This week on the Self Taught Artist podcast we are starting our Color Mixing and Color Theory Workshop. This is the beginning of a multi-week deep dive into all things color, color theory, and color mixing. First, let’s take a few minutes this week to talk about the three dimensions of color: hue, value, and chroma. What do these artist terms mean? How do they connect to your artwork? How can mastering these three dimensions of color help you to improve your art? Tune in to find out! Next week, we’re going to use these three dimensions of color to talk about how to mix any color of the rainbow with your paint (using three easy questions).

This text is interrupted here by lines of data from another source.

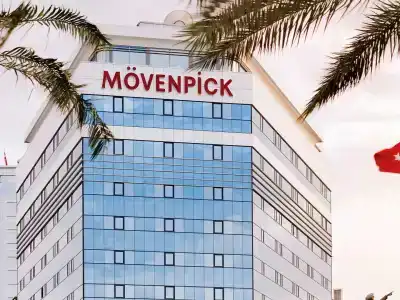 Mövenpick Izmir - 0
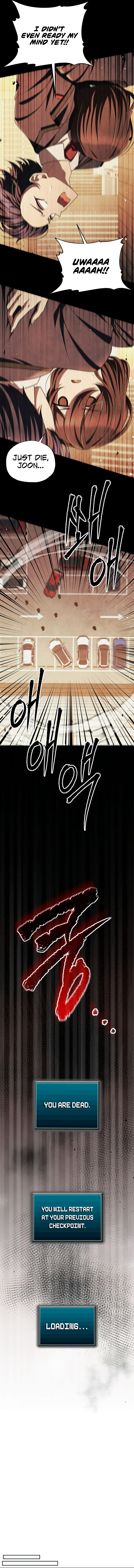 Ghost Story Club (Remake) Chapter 54 - Page 12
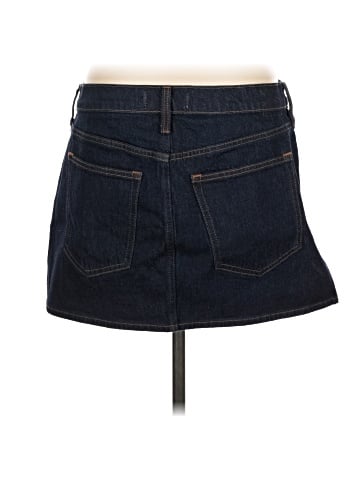 Abercrombie & Fitch Denim Skirt (view 2)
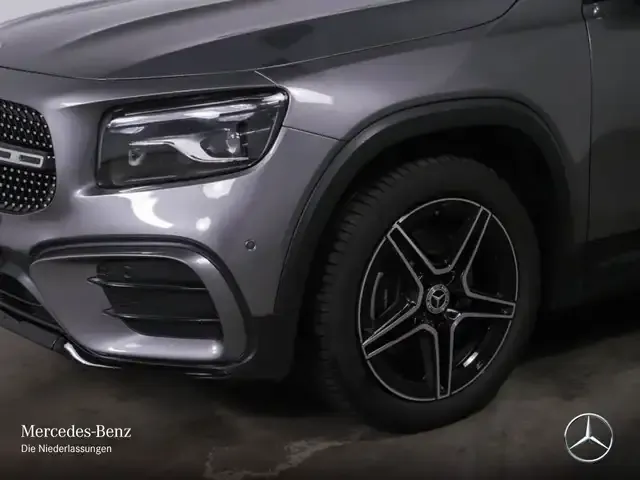 Mercedes-Benz GLB 250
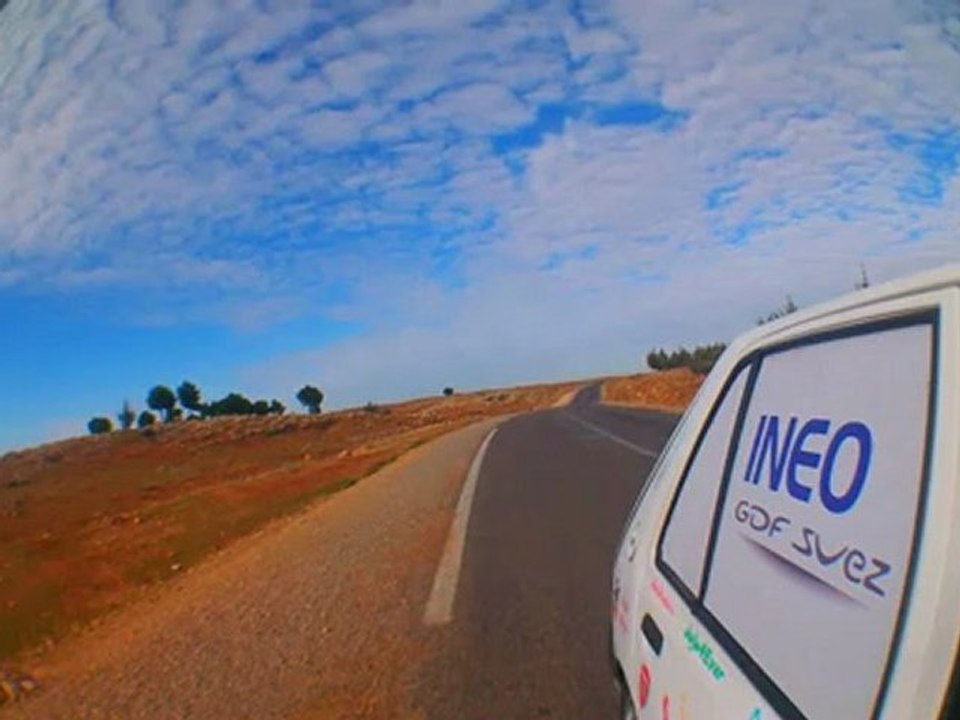 Students Challenge Ed 2012 - Equipage 169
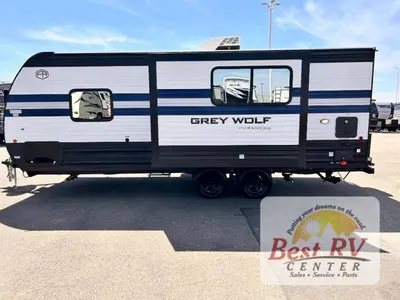 2027 Forest River Cherokee Grey Wolf photo 7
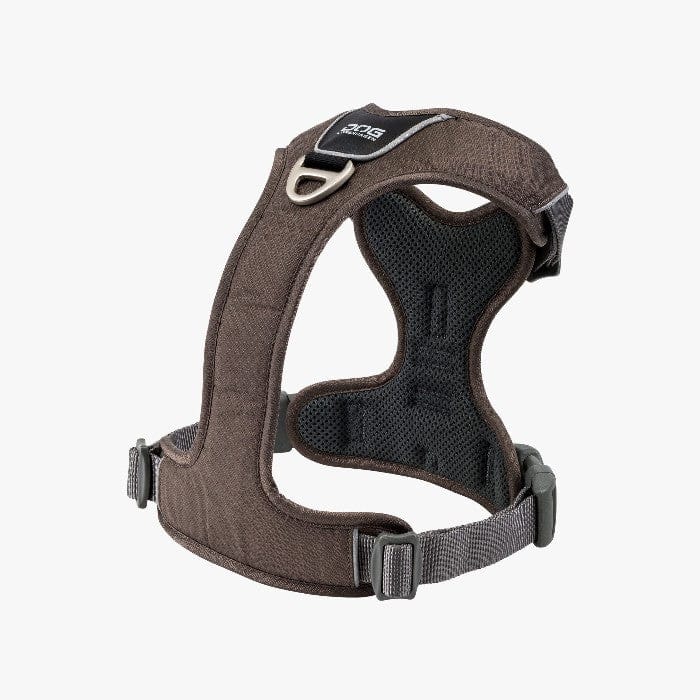 hundesele dogcopenhagen comfort walk pro™ sele mocca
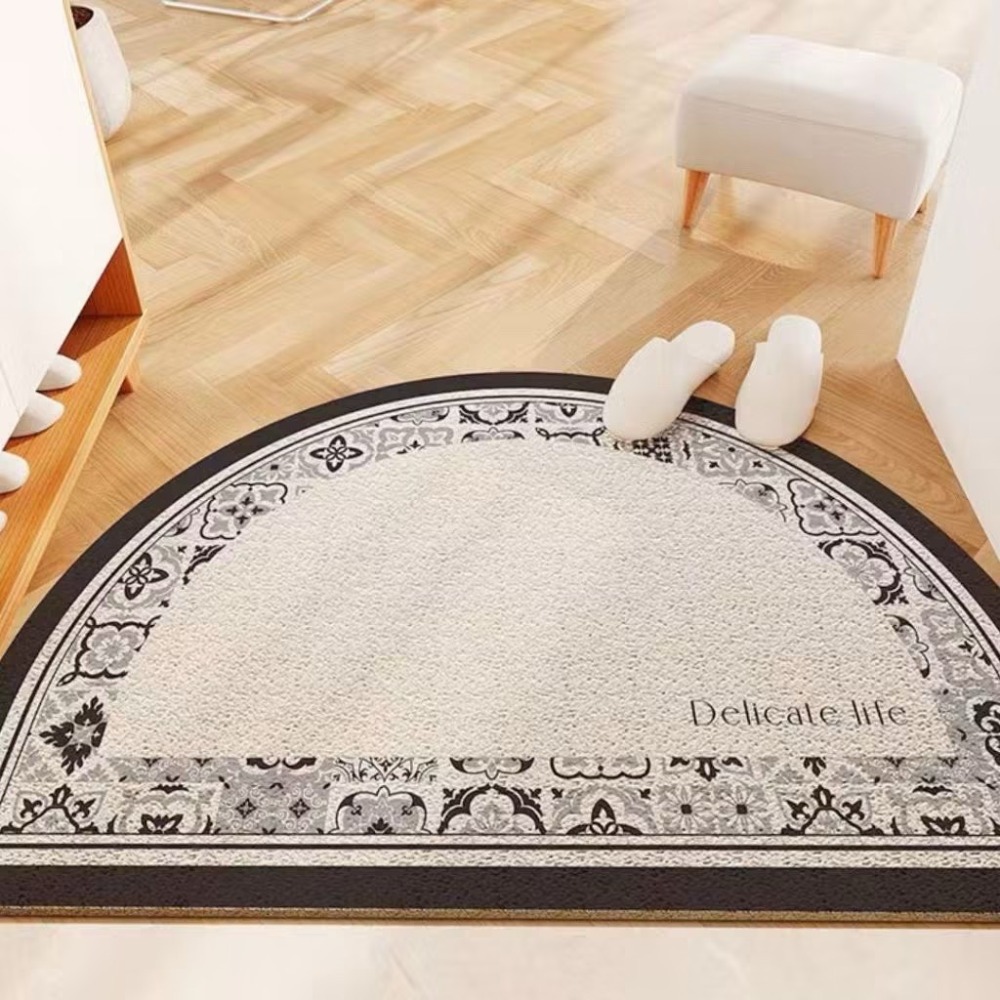 【生活市集】 玄關絲圈地墊 絲圈地墊 玄關地墊 刮泥地墊 門口地墊 進門地墊 PVC地墊 地墊防滑地墊門前地墊-規格圖11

Hello, and welcome back to the Self Taught Artist Podcast. I’m Lauren Kristine, your host. Hello, my friends! and welcome to August and the beginning of our color series, I was thrilled to get a lot of positive feedback from all of you out there listening. Some listeners reached out and told me they love this plan to do a color deep dive during August. So we’re gonna kick that off today. This will be the first part of a multiple week series on color. However, I might intersperse other episodes in between, we’ll see how that plays out. Just know this is a series, there will be follow ups, and each episode will build on the last one.
Think of this as Self Taught Artist “art school.” The plan is that this week, we’re going to define some very important color terms. That’s going to set us up in the next episode to really dive into using those terms to talk about how to mix any color you want in the rainbow using just three questions. It’s a very straightforward approach that anyone can use and master. And we’ll even put it to the test with a little suggested color challenge exercise. But in order to learn this process and understand these three questions to color mixing, and that whole approach that I’ll teach you, it would first be very helpful for everyone to be on the same page and have a basic understanding of the three dimensions of color.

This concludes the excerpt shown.